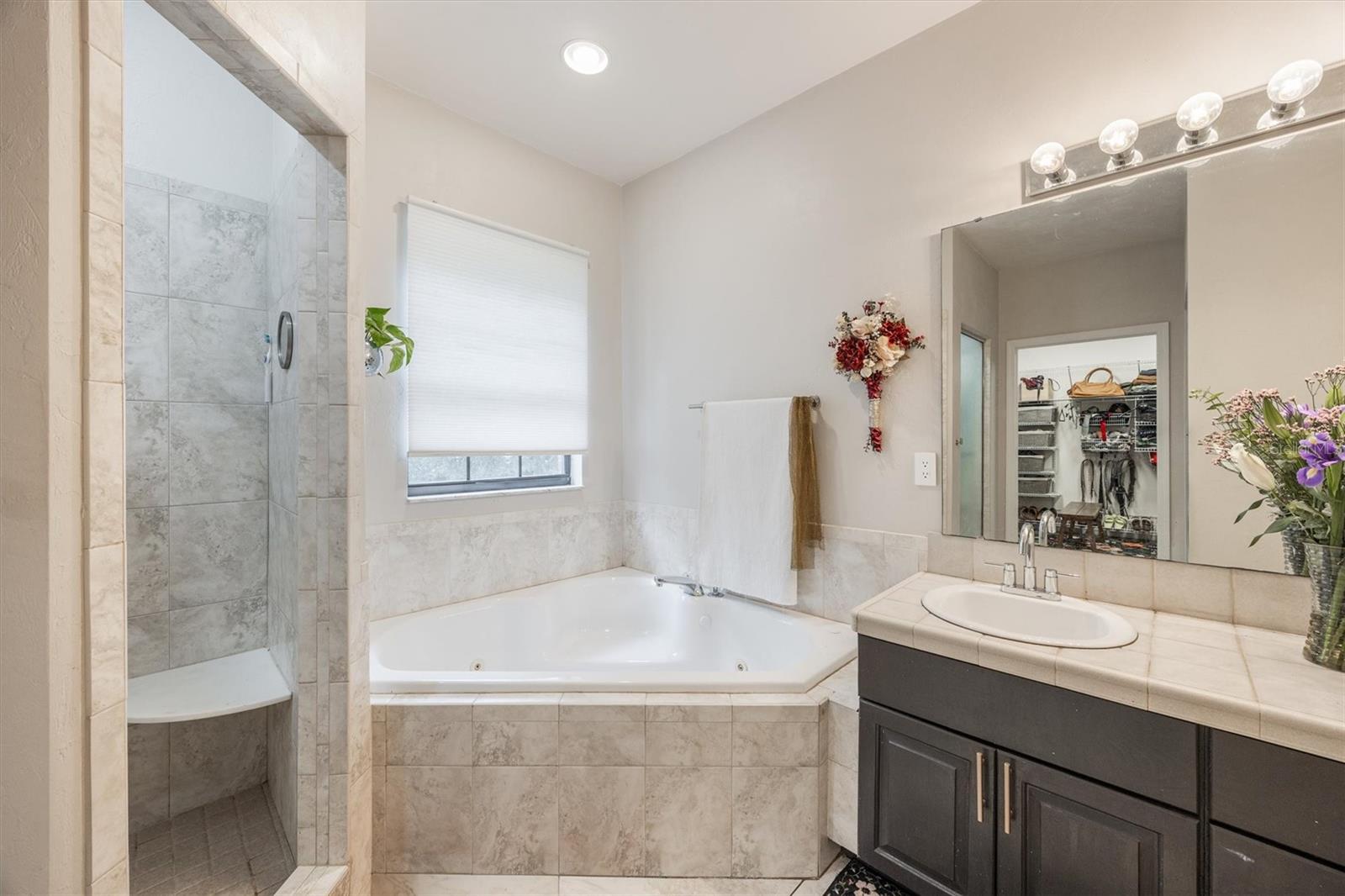 COUNTRY GARDEN ESTATES - Residential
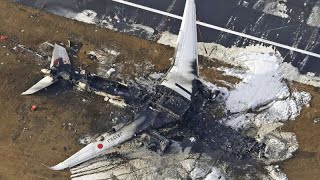 Japon  les survivants de la collision de deux avions témoignent [upl. by Joletta]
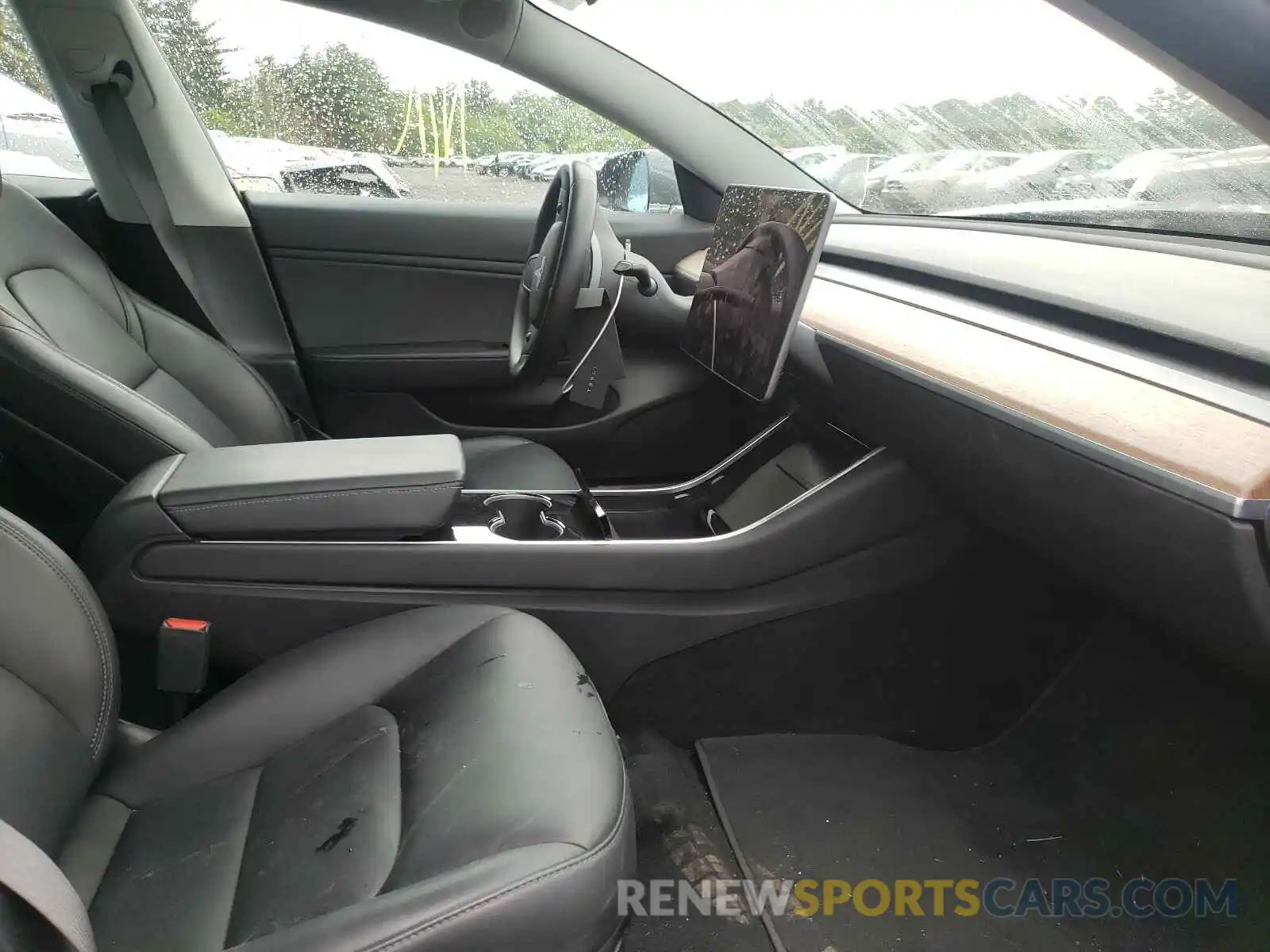 5 Photograph of a damaged car 5YJ3E1EB7KF413472 TESLA MODEL 3 2019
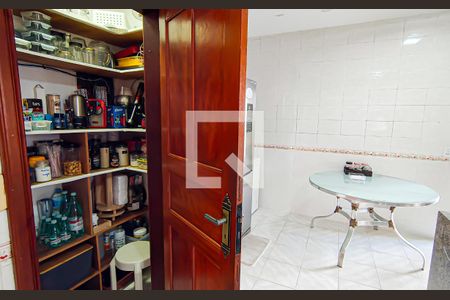 Casa à venda com 563m², 4 quartos e 5 vagascozinha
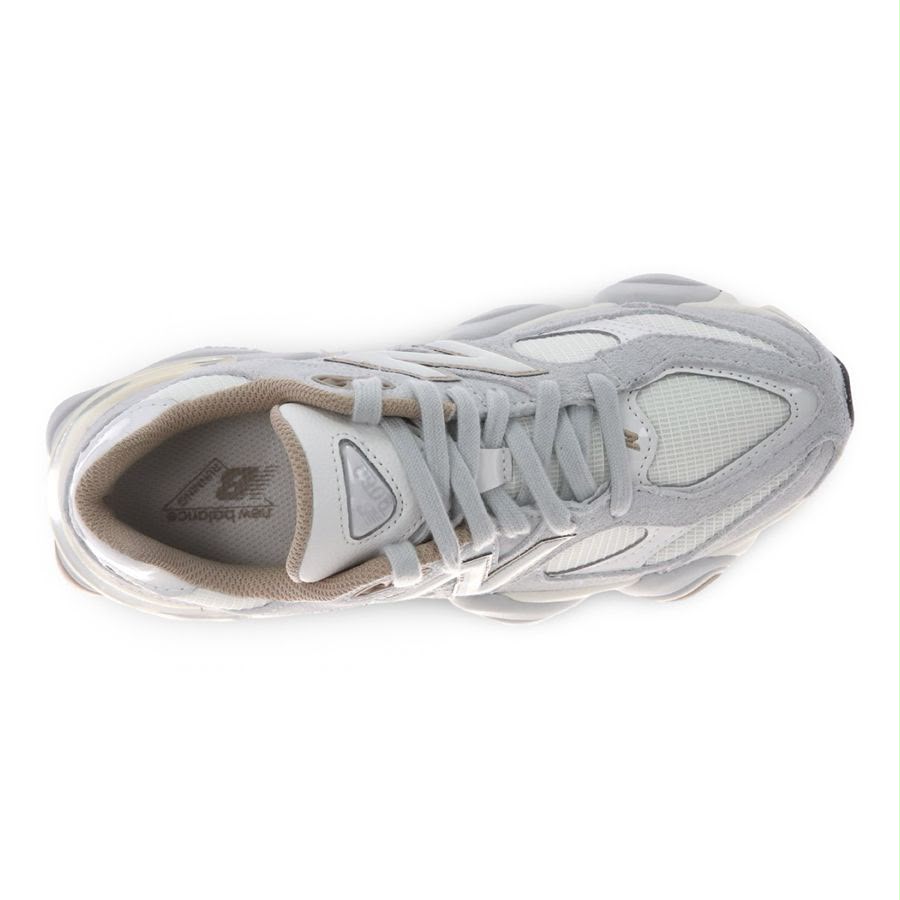 NEW BALANCE 9060' 11H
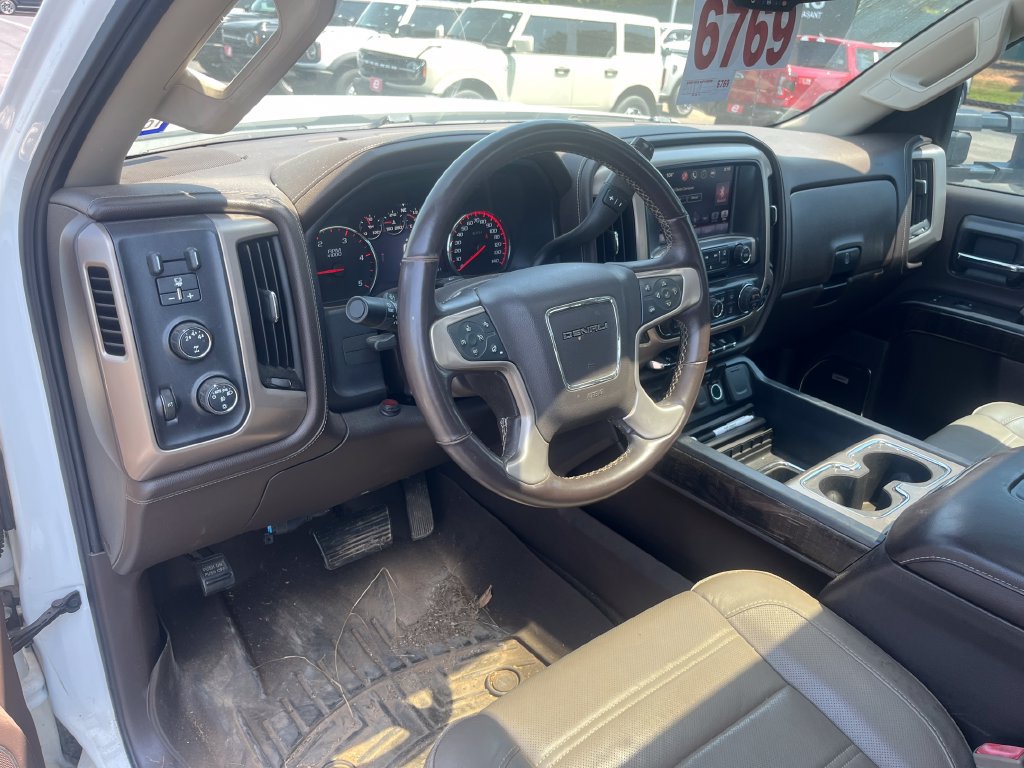 Used 2016 GMC Sierra 3500 Denali w/ Duramax Plus Package AWD/4WD image 11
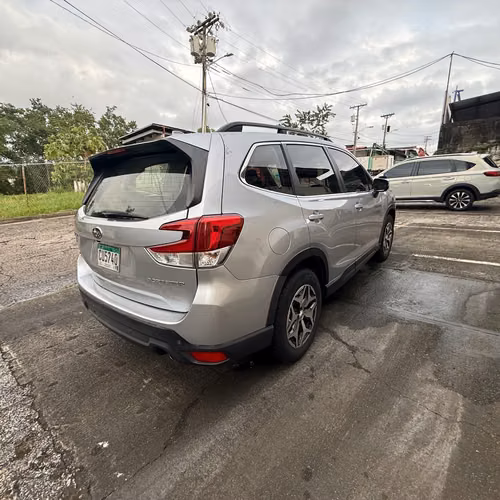 Vendo Subaru forester 2019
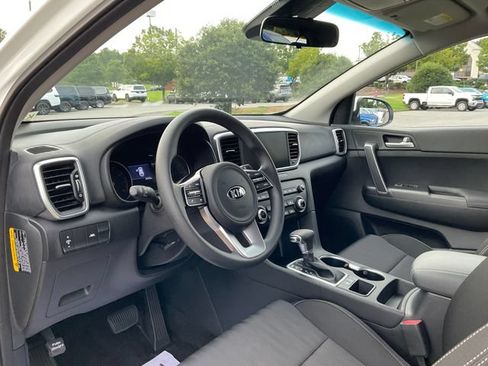 Used 2021 Kia Sportage LX FWD image 16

****************

> **WHAT TO PRODUCE**: All records above must be output exactly as they stand, excluding pictures.

> **RESPONSE TO THIS EXERCISE**:
 COUNTRY GARDEN ESTATES - Residential
 Japon  les survivants de la collision de deux avions témoignent [upl. by Joletta]
 5 Photograph of a damaged car 5YJ3E1EB7KF413472 TESLA MODEL 3 2019
 Casa à venda com 563m², 4 quartos e 5 vagascozinha
 NEW BALANCE 9060' 11H
 Used 2016 GMC Sierra 3500 Denali w/ Duramax Plus Package AWD/4WD image 11
 Vendo Subaru forester 2019
 Used 2021 Kia Sportage LX FWD image 16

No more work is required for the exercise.